Very nice to see you made this much progress on this!
I'm replying to the code with comments in the way that you would
get in a formal review on the linux-arm-kernel and mmc mailing
lists, to speed up the process of getting the driver included.
I hope this helps you, feel free to ask me when you have further
questions.
Obviously there are still quite a few things to be done, and I suppose
you are aware of most of them. First of all, the submission
format -- it should be sent to the lists as an inline patch with
a description and Signed-off-by line from you, see
Documentation/SubmittingPatches.
> // Driver module name - required for requesting platform_device resources
> #define DRIVER_NAME "wmt-sdmmc"
The kernel generally does not use C++ style comments, it should be
either
/* one-line comment */
or
/*
* multi-line comment */
*/
The particular comment for the DRIVER_NAME is rather useless though,
you could just as well remove it, or even remove the macro and open-code
the string in the two places where it is used.

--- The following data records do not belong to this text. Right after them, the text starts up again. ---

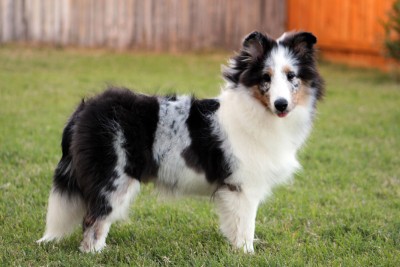 sheltie-puppy-cloud
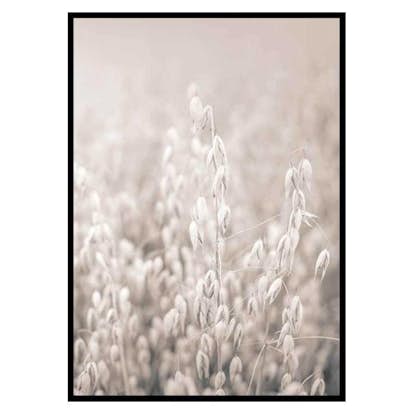 Poster Gallerix Oats No2
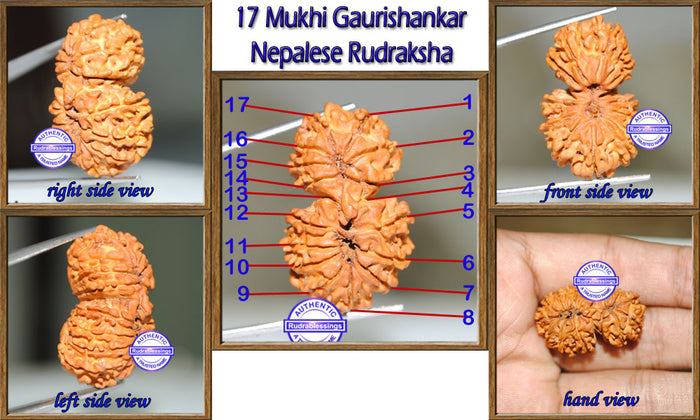 17 Mukhi Gaurishankar Rudraksha from Nepal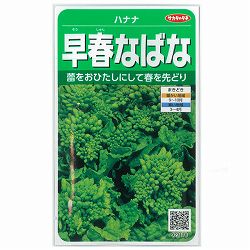 ハナナ：早春なばな 2袋セット[サカタ　野菜タネ]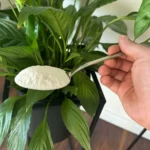 Ezt szórd a szobanövényeid alá és egy hét múlva nem fogsz hinni a szemednek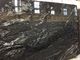 Lajes pretas cósmicas do granito da telha de pedra natural Precut de Brasil do preto de Gucci fornecedor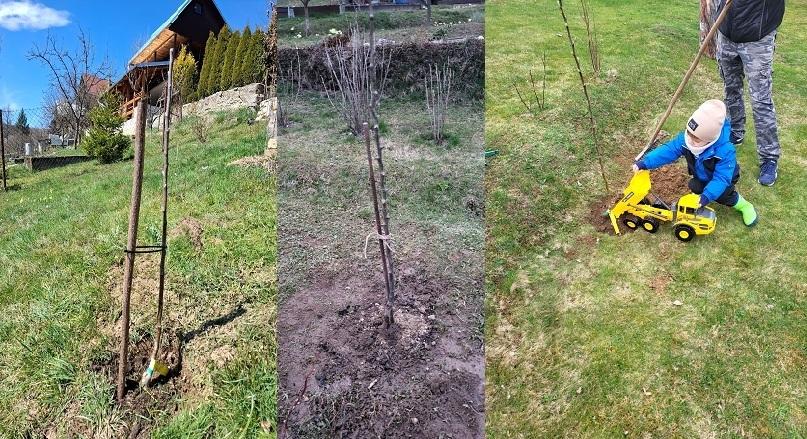 Záhradkári v Brezne vysadili desiatky ovocných stromov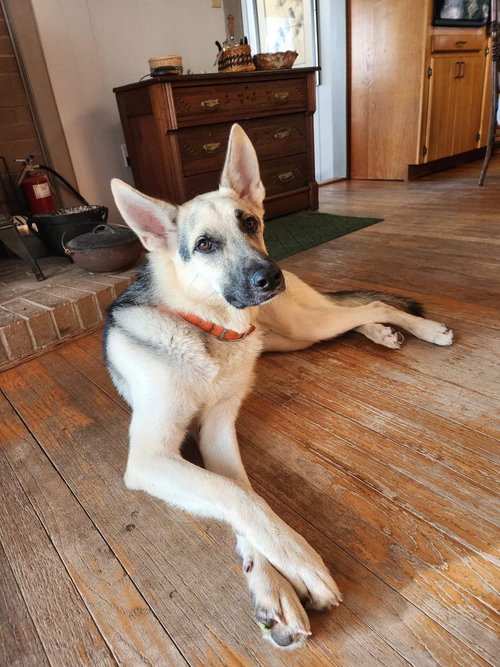 RUBIN - German Shepherd Dog available for adoption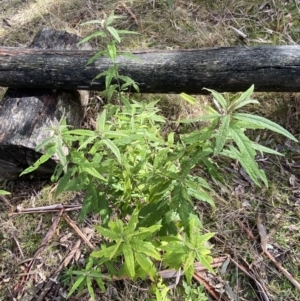 Olearia lirata at Paddys River, ACT - 5 Aug 2023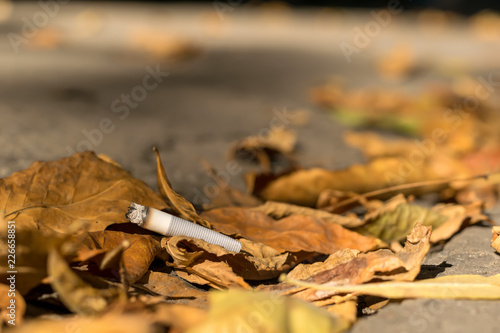 cigarette butt lies on the asphalt path on the fallen autumn leaves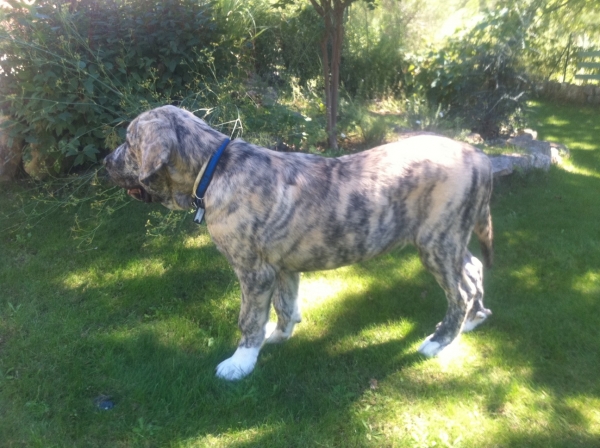 XL Tornado Erben - 4 months, 1 week
Quanto x Florita Maya
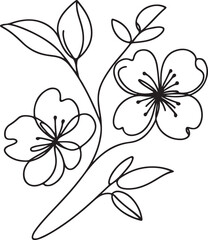 Minimal Cherry Blossom Flower Drawing
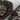 69f5c242d2b95f0665546d23_row-10-pwzrswiper-lazy-image-2-_1778688362782.jpg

> volatile int dma_completed;
Volatile does not mean what you want it to mean. If you want to communicate
atomically, you should use one of spinlock, atomic_t or bitops.
> struct wmt_dma_descriptor {
> u32 reqcount:16;
> u32 interrupt:1;
> u32 reserved0:13;
> u32 format:1;
> u32 end:1;
Bit fields are not particularly portable. It would be better to use a single
u32 (or two u16) here and mask the bits manually/
> u32 DataBufferAddr;
> u32 BranchAddr;
> u32 reserved1;
CaMelCase is against the kernel coding style, the more common way would
be to write "data_buffer_addr", or just "buffer" here.
> struct wmt_mci_priv {
> struct mmc_host *mmc;
> void __iomem *sdmmc_base;
>
> int irq_regular;
> int irq_dma;
>
> // dma buffers
> void *dma_data_buffer;
> u32 dma_data_cpuaddr;
>
> void *dma_desc_buffer;
> u32 dma_desc_cpuaddr;
>
> // sd data
> struct mmc_request *req;
> };
It's rather unusual to have pointers to the request in the same
data structure as the host information. You normally want to
keep the host information global and have pointers to that
from the request where needed.
> static irqreturn_t wmt_mci_dma_isr(int irq_num, void *data)
> {
> struct wmt_mci_priv *priv;
>
> // printk("<1>[MMC/SD] DMA ISR FIRED!!\n");
You should never pass literal "<1>" strings or similar to
printk. Instead, use the KERN_DEBUG etc macros. Even better,
use dev_dbg() or pr_debug() so you can decide at run-time
whether the messages make it to printk.
> priv = (struct wmt_mci_priv *)data;
>
> // disable the SD DMA controller
> writel(0, priv->sdmmc_base + SDDMA_DESPR);
> writel(0, priv->sdmmc_base + SDDMA_GCR);
>
> dma_completed = 1;
>
> return IRQ_HANDLED;
> }
The use of the dma_completed variable is wrong for a number
of reasons here.
One solution would be to instead use complete() in the ISR
and wait_for_completion() in the request function.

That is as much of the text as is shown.